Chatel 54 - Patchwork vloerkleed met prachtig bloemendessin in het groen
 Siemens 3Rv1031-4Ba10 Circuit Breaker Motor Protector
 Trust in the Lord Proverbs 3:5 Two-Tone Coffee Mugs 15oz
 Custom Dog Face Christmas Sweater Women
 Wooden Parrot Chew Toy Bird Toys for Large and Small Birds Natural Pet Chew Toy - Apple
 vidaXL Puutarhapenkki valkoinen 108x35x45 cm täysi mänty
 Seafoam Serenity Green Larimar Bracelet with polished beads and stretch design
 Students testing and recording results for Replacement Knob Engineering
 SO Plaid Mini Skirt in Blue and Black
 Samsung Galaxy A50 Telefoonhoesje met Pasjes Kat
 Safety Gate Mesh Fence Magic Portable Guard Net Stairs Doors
┄┄┄┄┄┄┄┄┄┄┄┄┄┄┄┄┄┄┄┄
» Your task
A verbatim transcription is required of the lines from the one with "Samsung Galaxy A50" through the final line of the entries above, and of nothing else.

» Response below
 Samsung Galaxy A50 Telefoonhoesje met Pasjes Kat
 Safety Gate Mesh Fence Magic Portable Guard Net Stairs Doors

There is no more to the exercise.